**WHAT IS REQUIRED**
Set the data down exactly as it stands, and keep its pictures out.

**RECORDED DATA**
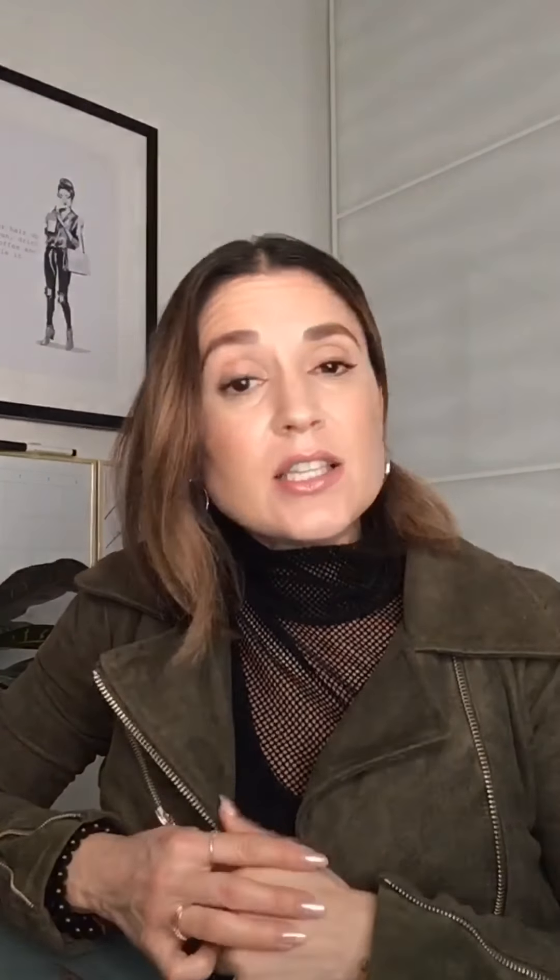For people who are just starting in the eyeliner world and are super nervous — they say 'I try and it's always a hot mess' — here's a trick for you. Get an angle brush and use your eyeshadow. Don't be scared because it's just eyeshadow, so if you muck it up it's no problem — you can just wipe it off.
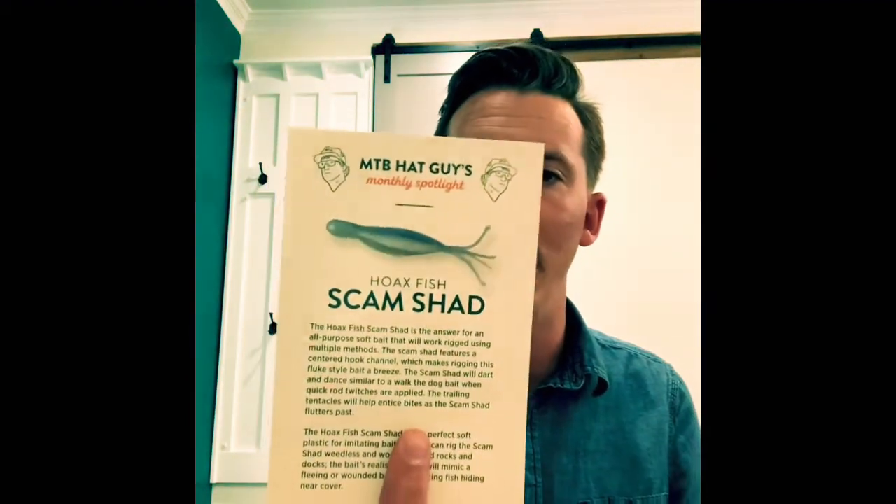The tip guide covers things like picking the right jerkbait color and jig heads — not always about what's in the box, but sometimes it is. This one covers the Scam Shad: you can rig it weightless — which makes sense given that rudder on the bottom — and it'll stay on top of the water or cut water. It's also good for flipping, Texas rig, dragging, and it even gives you a little map of where to fish the lure. They also always send stickers, and this time they sent a bunch.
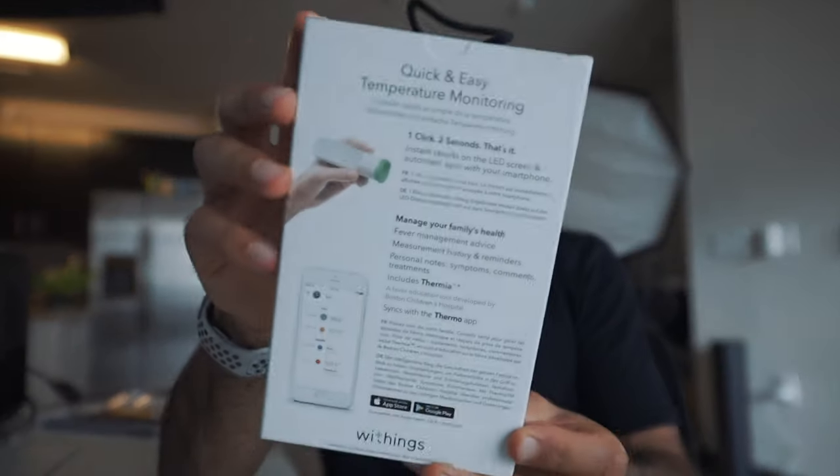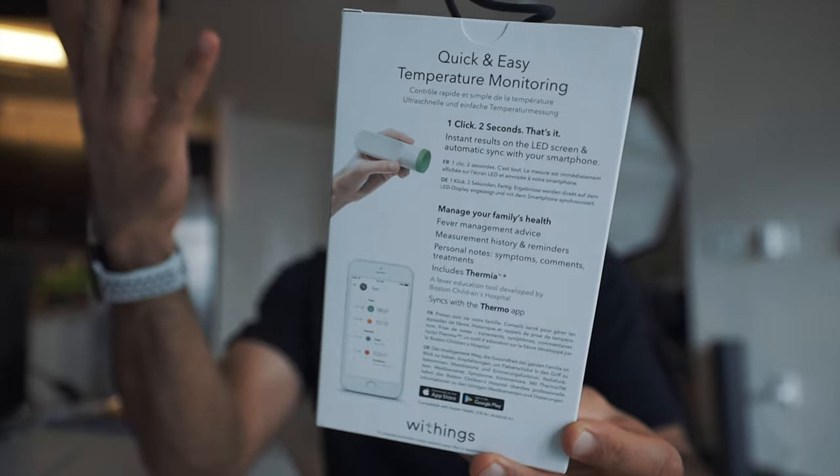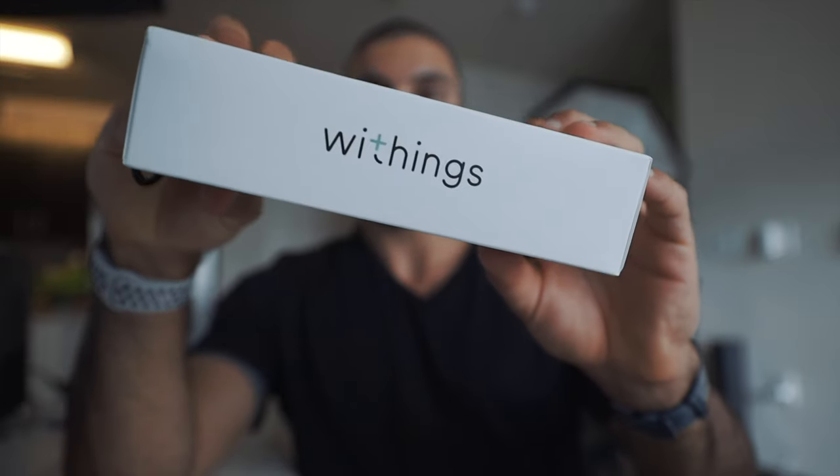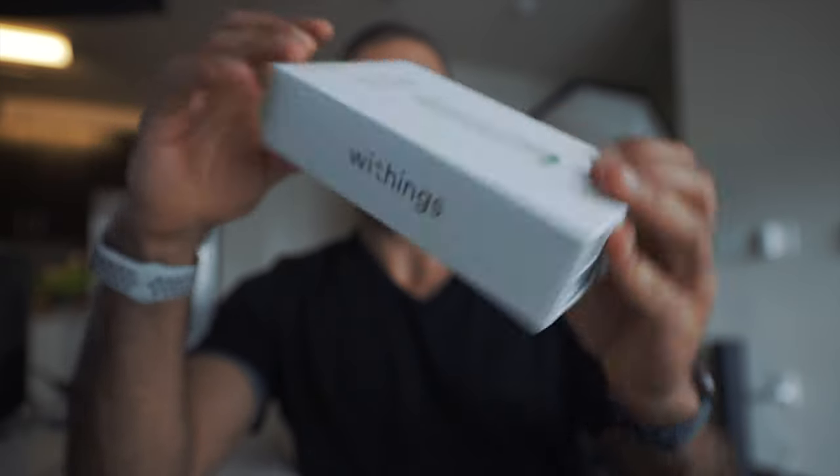Quick and easy temperature monitoring for your family and everything. It's got the app. You can obviously also do babies, and that's how I knew that this is for me. With Withings now — it's not just Nokia. It's just something they keep in mind; they are no longer a company together.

**REPLY**
For people who are just starting in the eyeliner world and are super nervous — they say 'I try and it's always a hot mess' — here's a trick for you. Get an angle brush and use your eyeshadow. Don't be scared because it's just eyeshadow, so if you muck it up it's no problem — you can just wipe it off.
The tip guide covers things like picking the right jerkbait color and jig heads — not always about what's in the box, but sometimes it is. This one covers the Scam Shad: you can rig it weightless — which makes sense given that rudder on the bottom — and it'll stay on top of the water or cut water. It's also good for flipping, Texas rig, dragging, and it even gives you a little map of where to fish the lure. They also always send stickers, and this time they sent a bunch.
Quick and easy temperature monitoring for your family and everything. It's got the app. You can obviously also do babies, and that's how I knew that this is for me. With Withings now — it's not just Nokia. It's just something they keep in mind; they are no longer a company together.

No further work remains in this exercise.